- Task details
A verbatim copy of all the data is required; the pictures should not appear in it.

- The data
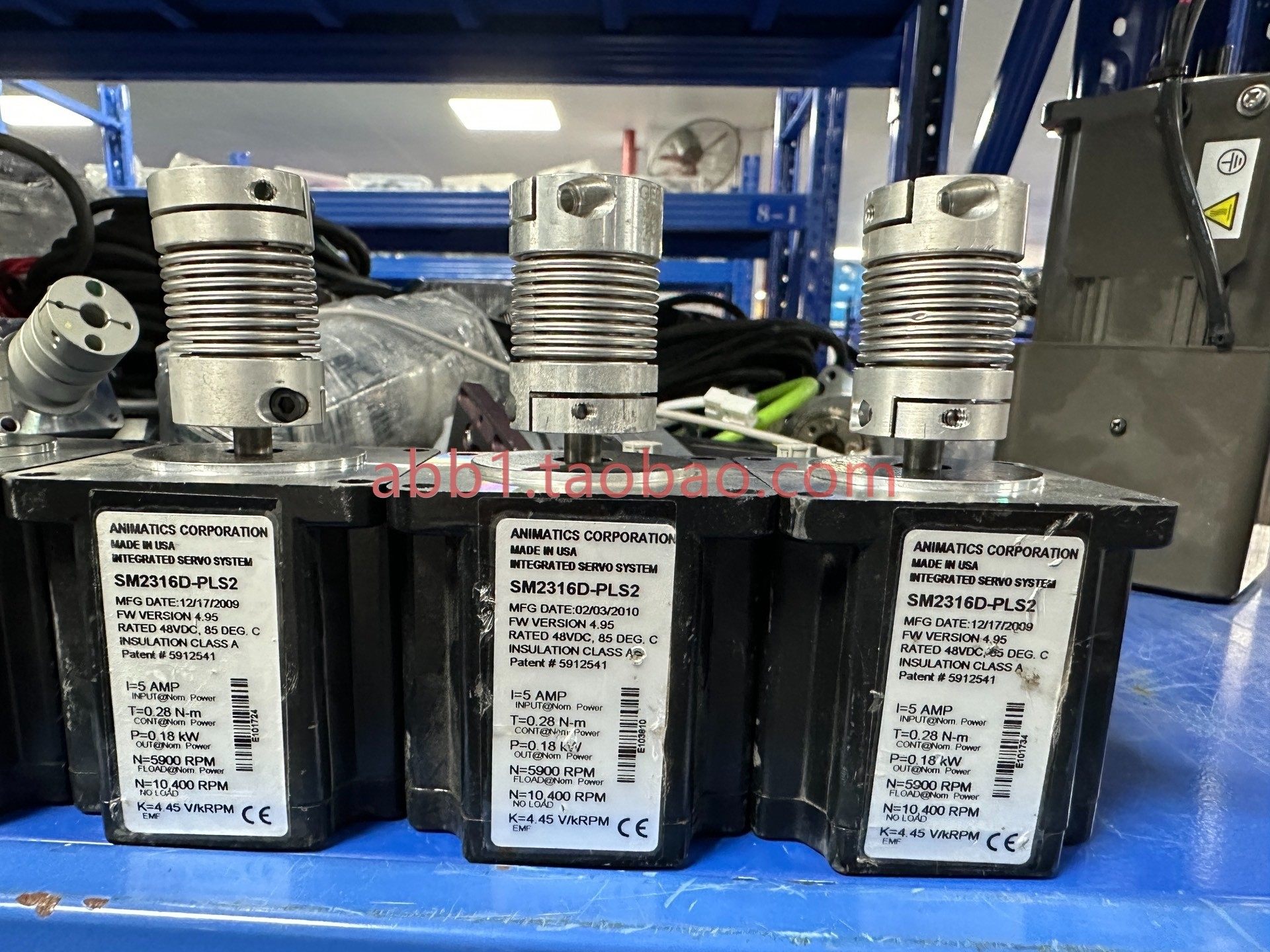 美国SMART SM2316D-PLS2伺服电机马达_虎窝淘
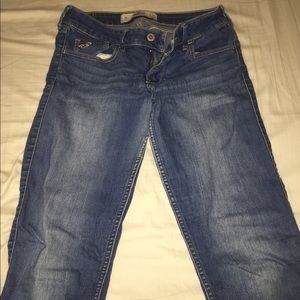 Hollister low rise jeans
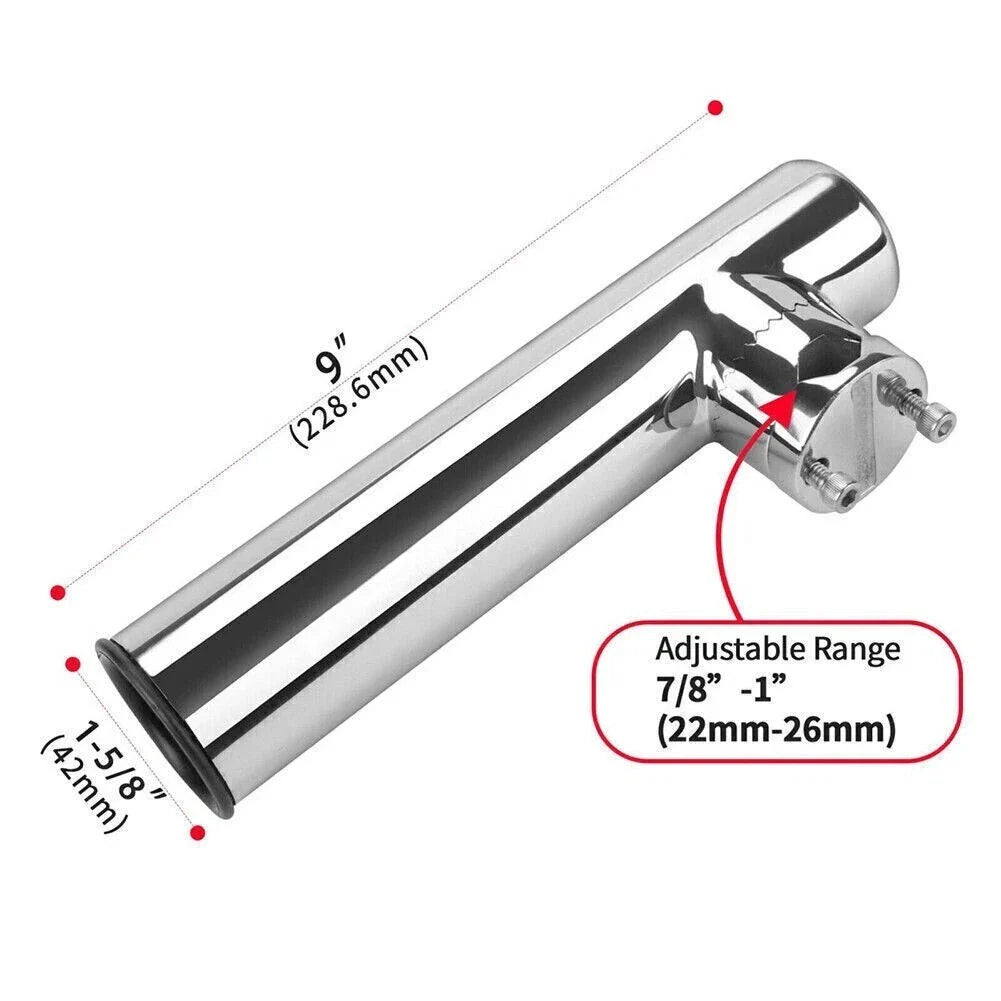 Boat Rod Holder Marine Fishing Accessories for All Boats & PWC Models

- Response
 美国SMART SM2316D-PLS2伺服电机马达_虎窝淘
 Hollister low rise jeans
 Boat Rod Holder Marine Fishing Accessories for All Boats & PWC Models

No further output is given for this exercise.